Pandoc: Allow multiline Markdown headers

Created on 10 Jun 2011 · 16Comments · Source: jgm/pandoc

It would be nice if pandoc markdown could allow multiline headers -- that is, multiline in the input, not necessarily in the output (though that could be controlled by a backslash or double-space). This can be an issue with chapter titles, which sometimes have subtitles, and go well beyond 80 characters.

For level 1 and 2 in setext style, the following syntax seems intuitive:

    Long Header Containing a Clever Title for This Section:
    An Overly Wordy Subtitle Explaining What the Clever Title Meant
    ===============================================================

(with an optional backslash after the colon)

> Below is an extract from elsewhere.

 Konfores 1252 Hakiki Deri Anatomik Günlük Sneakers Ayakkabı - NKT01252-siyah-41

Since pandoc breaks from Markdown.pl on requiring a blank line before a header, this wouldn't seem to introduce any new compatibility issues.

I'm not sure if there's an intuitive way in atx headers, though.

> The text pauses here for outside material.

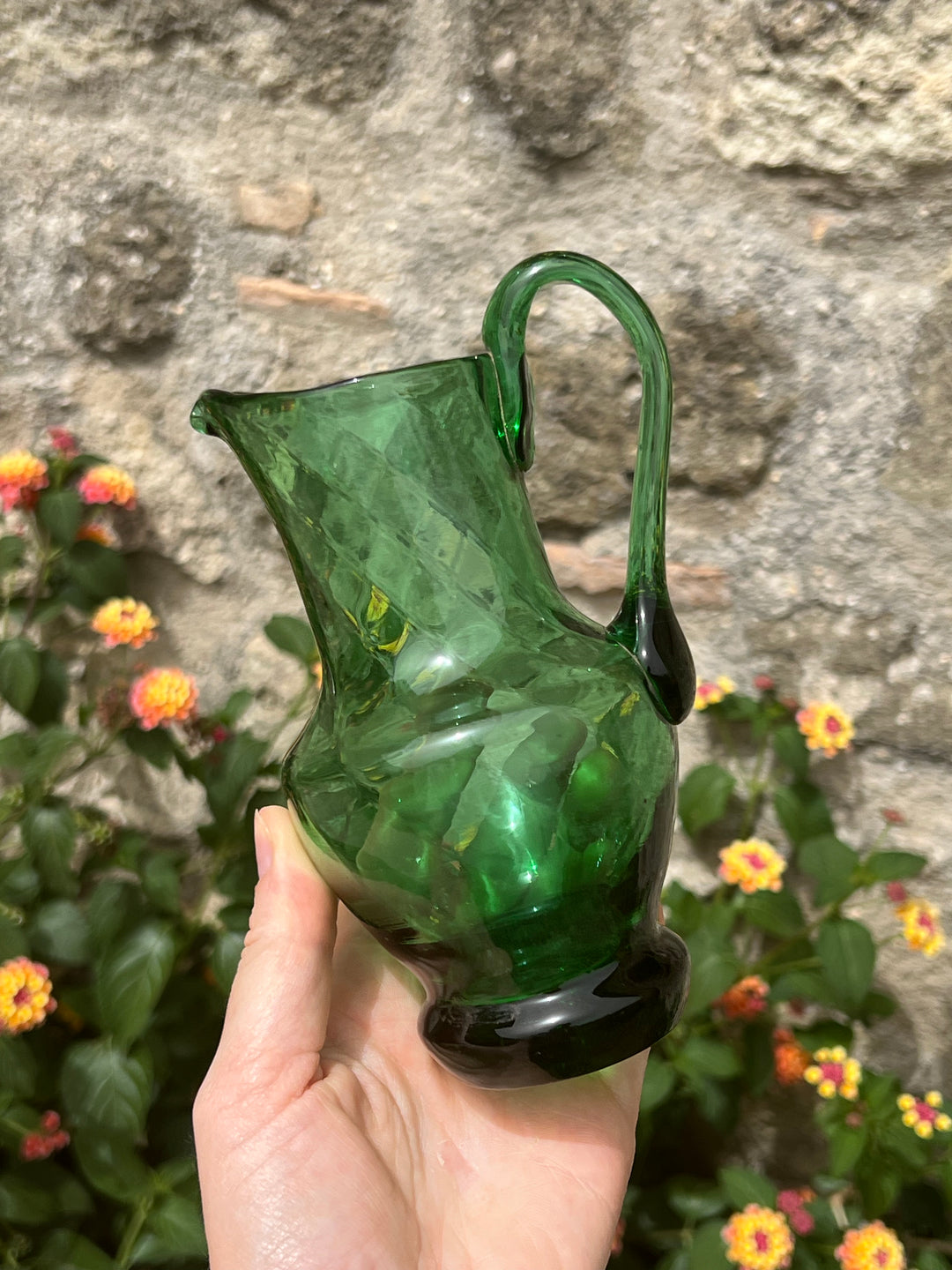 Brocca vetro verde vintage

Not a huge deal on the writing end, since I can turn off auto-fill-mode for atx headers in emacs automatically, but it seems like it would be a win as far as readability goes.


Google Code Info:
Issue #: 289
Author: [email protected]
Created On: 2011-02-17T15:22:47.000Z
Closed On:

high enhancement more-discussion-needed

Source

jgm

👍6

Most helpful comment

Just signaling interest for this feature, in case it went forgotten. I like to have all my plaintext files 80 char wide, but the not having newlines in headers makes it quite hard to.

Bercio on 21 Sep 2013

👍3

All 16 comments

The attached patch seems to do the job. Of course, I've just been playing around with it in my own use cases, so there well might be unforeseen problems (though it does pass the tests). But, as long as I was playing around with it, I figured I'd pass it on.

One possible change to the above syntax would be to mandate that additional lines in a header be indented four spaces. This might stop accidental long headers. (Though as pandoc works now, the same accidental running together of header lines would also produce unexpected output, since it requires the blank line before.)

Google Code Info:
Author: [email protected]
Created On: 2011-02-18T19:16:28.000Z

jgm on 10 Jun 2011

I'm worried about performance implications. This patch means that pandoc will have to parse every paragraph twice -- first as part of the header parser, and then (when that fails) as part of the paragraph parser.

This could be fixed, perhaps, by integrating the setext header parser with the para parser.

The para parser could do something like this:

Parse one or more inlines that are not followed by a setext border (i.e., newline + row of = or - + blankline). Then, try to parse a setext border. If that succeeds, return a Header, otherwise return a Para.

This might still have performance implications, though, since you'd have to be looking for the setext border as you move through the paragraph. But it might actually improve performance, because we wouldn't have to try the setext header parser on the first line of every block.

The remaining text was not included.